Jack Weldy's journey to founding Smartling began in the U.S. Air Force, where he spent roughly 25% of his life working outside the United States. This global exposure made one thing crystal clear: language barriers were holding back companies trying to reach international customers. After leaving the Air Force after 10 years as a pilot, Jack applied that discipline and focus to solving a problem he'd observed firsthand—the translation industry was broken, relying on manual email exchanges and clunky processes that couldn't scale.

Building the First Version

Starting in 2009 during the financial crisis, Jack bootstrapped the company with his own money and experience as a software developer. Rather than build a massive product from day one, he set a simple goal: create a prototype and get three customers to validate that the solution actually solved their problems. The founding team focused on building a translation management system that could automate the workflow of taking content, organizing it, routing it to translators around the world, and deploying it back to the right channels. The approach was lean and customer-focused.

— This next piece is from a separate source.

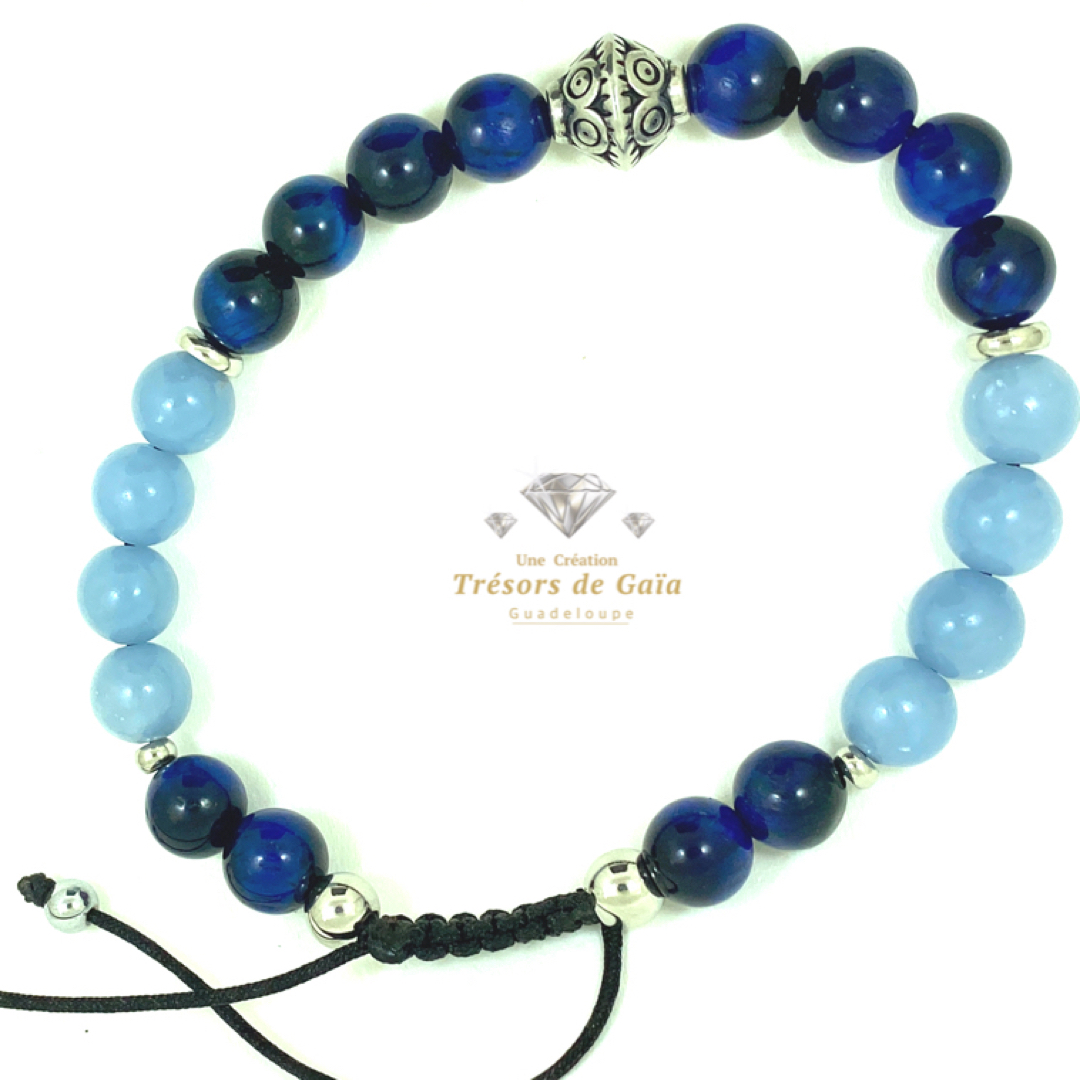 Talisman Paix et Protection - Bracelet Élastique - Perle Design Acier – Image 2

Finding the First Customers

Jack's strategy of targeting early adopters worked. By the time he finished the first round, he had 7-10 customers paying tens of thousands to $100,000+ annually. This traction was enough to convince investors—he raised his first Series A of $4 million on the strength of that early validation. The founding team was lean: Jack brought software expertise, and they built out a small team of developers. What made Smartling different was understanding that translation still required human expertise, even with advances in machine translation like Google Translate. They built a network of contracted translators positioned around the world, ultimately scaling to 10,000 contractors alongside their 200-person full-time team.

What Worked (and What Didn't)

What worked was enterprise focus. Smartling charged $10,000 to $1M+ annually depending on customer needs, measured by either content volume (for their translation management system) or traffic (for their global delivery network product). This pricing model created predictable expansion revenue—as customers pushed more content through the system or received more traffic, they naturally expanded their spend. The company optimized for payback periods of 18-24 months, with customer acquisition costs between $130-300k depending on deal size. Revenue churn stayed in the healthy 8-12% range, meaning customers stuck around for 4-6 years on average, creating lifetime values of $600k+.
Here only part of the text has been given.